Lenders usually expect you to be able to make a downpayment of between 10 and
20 percent of the house's price and to pay closing costs, often three to six
percent of the loan amount. If you make a downpayment of as little as five
percent but less than 20 percent, the lender will require you to pay for private
mortgage insurance. (Requirements for VA or FHA loans may differ.) Under the
federal Real Estate Settlement Procedures Act, the lender must provide you with
information on known and estimated closing costs.
How do you shop for mortgage loans?
Mortgage packages vary widely, and it is important to investigate several
options to find the one best for you. If, for example, you are using a real
estate agent or broker to shop for a home, you may want to consider their
suggestions about lenders and mortgage packages. Check real estate or business
newspaper sections, which may include brief tables on mortgage availability.
Look in the Yellow Pages under "Mortgages" for a list of mortgage
lenders in your area. Call several lenders for rates and terms on the type of
mortgage you want. In addition, consider trying a commercial "computerized
mortgage shopping service," although such a list may reflect only a
selection of lenders and you may be charged a fee.
Compare the mortgages offered by several lenders before you apply for a loan.
Most lenders require you to pay a fee when you file your loan application. The
amount of this fee varies, but it can be $100 to $300. Some lenders do not
refund this fee if you are not approved for the loan, or if you decide not to
accept the loan terms offered. Before you apply, ask the lender whether they
charge an application fee, how much it is, and under what circumstances and to
what extent it is refundable.
What kind of mortgage should you select?
There are two major types of mortgage loans -- those with fixed interest
rates and monthly payments and those with changing rates and payments. However,
there are many variations of these plans on the market, and you should shop
carefully for the mortgage that best suits your needs.

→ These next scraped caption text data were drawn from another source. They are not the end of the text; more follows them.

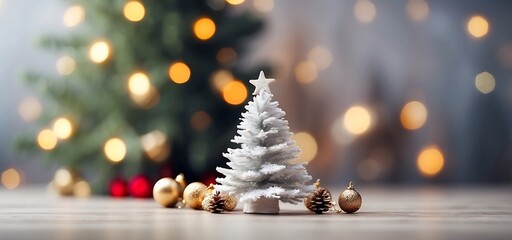 Wall Mural - Christmas tree with gifts on wooden table over bokeh background.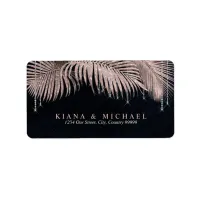 Jewel Palm Leaf Wedding Rose Gold/Navy ID830 Label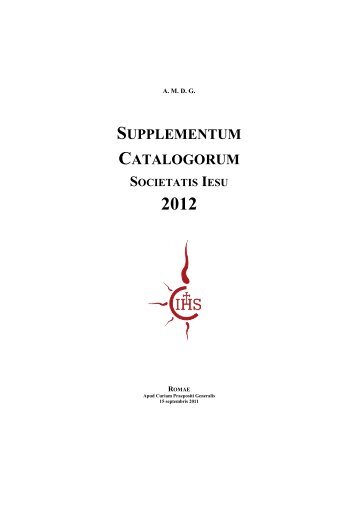 supplementum catalogorum societatis iesu 2012 - Jamshedpur Jesuits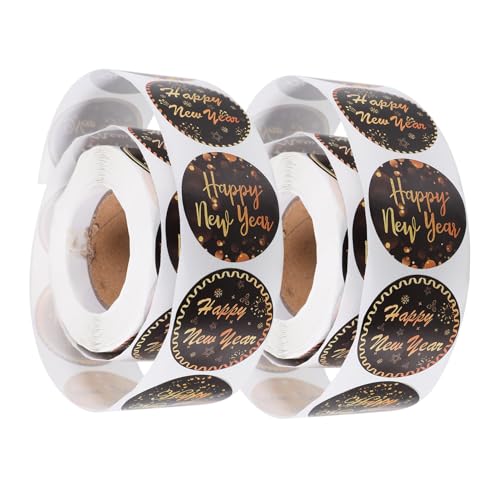 TOYANDONA Happy New Year Aufkleber, rund, schwarz und gold, 1,5 cm, Neujahrs-Etiketten, dekorative Aufkleber für Neujahr, Feiertage, Karten, Umschläge, Boxen, 1000 Stück/2 Rollen TOYANDONA Happy New Year Aufkleber, rund, schwarz und gold, 1,5 cm, Neujahrs-Etiketten, dekorative Aufkleber für Neujahr, Feiertage, Karten, Umschläge, Boxen, 1000 Stück/2 Rollen von TOYANDONA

Common fixed-rate mortgages include 30-year, 15-year, and bi-weekly mortgages.
The 30-year mortgage usually offers the lowest monthly payments of fixed-rate
loans, with a fixed monthly payment schedule.
The 15-year fixed-rate mortgage enables you to own your home in half the time
and for less than half the total interest costs of a 30-year loan. These loans,
however, often require higher monthly payments.
The bi-weekly mortgage shortens the loan term from 30 years to 18 to 19 years by
requiring a payment for half the monthly amount every two weeks. While you pay
about 8 percent more a year towards the loan's principal than you would with the
30-year, one-payment-per-month loan, you pay substantially less interest over
the life of the loan. Keep in mind, however, that with shorter-term loans, you
trade lower total costs for smaller mortgage interest deductions on your income
Mortgages with changing interest rates and/or monthly payments exist in many
forms. The adjustable rate mortgage (ARM) is probably the most common, and there
are many types of ARM loans available. The ARM usually offers interest rates and
monthly payments that are initially lower than fixed-rate mortgages. But these
rates and payments can fluctuate, often annually, according to changes in a
pre-determined "index" -- commonly the rate of return on U.S.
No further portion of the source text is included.